Iniciativas privadas
Diante da escassez de apoio público, algumas empresas tomam iniciativas próprias. No Vêneto, a fabricante de resfriadores Irinox criou, em parceria com outras companhias, uma creche próxima à fábrica. A funcionária Melania Sandrin é uma das beneficiadas. “Saber que eu tinha a chance de deixar meu filho a dois minutos daqui foi muito importante”, contou.

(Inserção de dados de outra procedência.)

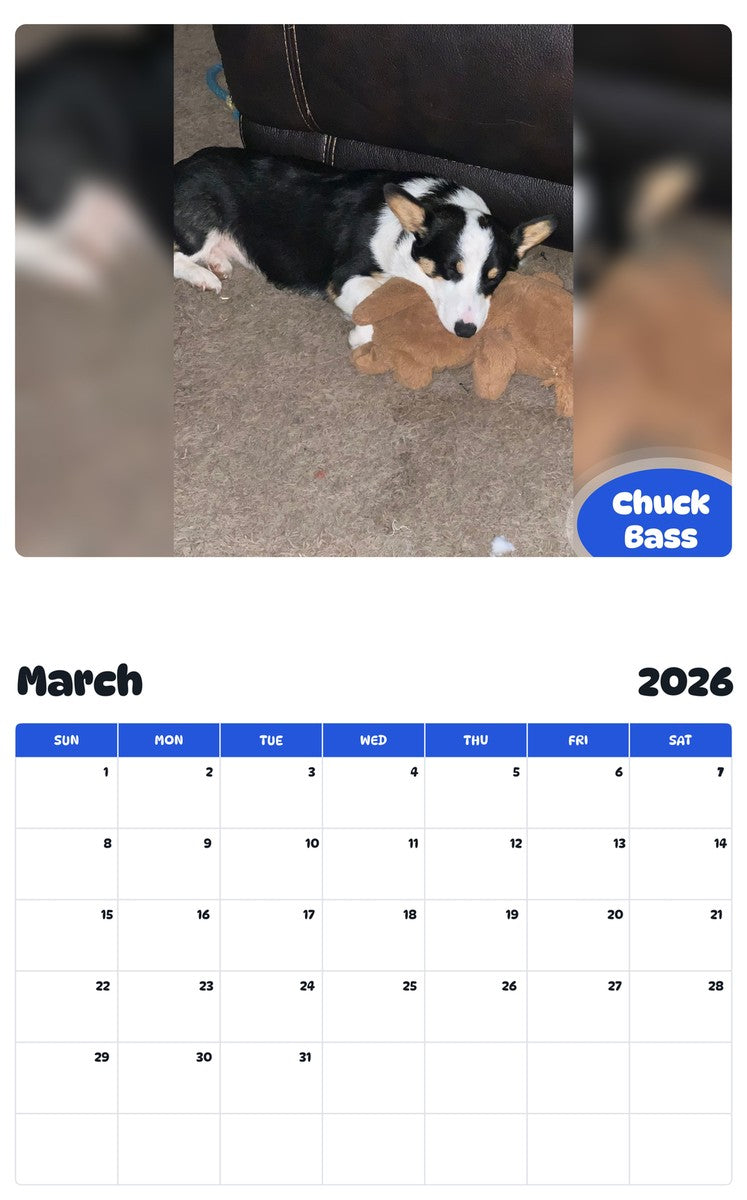 November 2025 - October 2026 Chuck Bass - Pawidols Pet Calendar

Apesar da estrutura, Melania e suas colegas adiaram a maternidade para o fim dos 30 anos e ainda hesitam em ter mais filhos. A CEO da Irinox, Katia da Ros, avalia: “Não são os pagamentos de € 1.000 que fazem a diferença, mas sim a existência de serviços como creches gratuitas. Se quisermos mudar a situação, precisamos de medidas enérgicas”.

Nova lei de cidadania
Enquanto busca reverter a crise demográfica, o governo italiano impôs novas restrições à cidadania. Em maio, o Parlamento aprovou uma lei que dificulta o reconhecimento da cidadania italiana para descendentes no exterior, afetando diretamente brasileiros e argentinos.
Na Irinox, mais de 40% dos trabalhadores já são estrangeiros. A CEO acredita que a imigração é essencial. “A menos que haja um improvável aumento repentino na natalidade, a Itália precisará de mais trabalhadores estrangeiros. O futuro será assim”.

Fechamentos e tensões
Na cidade vizinha de Treviso, a Escola Primária Pascoli encerrou as atividades por falta de alunos. “É um dia triste”, disse Eleanora Franceschi ao buscar sua filha pela última vez. A partir de setembro, a criança terá que estudar em outra cidade.

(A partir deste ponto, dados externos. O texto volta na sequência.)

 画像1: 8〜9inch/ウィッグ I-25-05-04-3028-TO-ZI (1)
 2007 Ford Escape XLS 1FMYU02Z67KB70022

A diretora Luana Scarfi afirmou que a migração mudou o perfil da região. “Algumas (famílias) decidiram então ir para outras escolas onde o índice de imigração era menor”, revelou, em inglês. A fala expôs uma tensão latente: famílias buscando ambientes menos diversos.

Com projeções que indicam a perda de 5 milhões de habitantes até 2050, a Itália enfrenta um desafio estrutural. Eleanora é clara: “Recebemos cheques mensais, mas também precisamos de apoio prático, como acampamentos de verão gratuitos. O governo quer uma população maior, mas, ao mesmo tempo, não está ajudando. Como podemos ter mais bebês nessa situação?”, finaliza.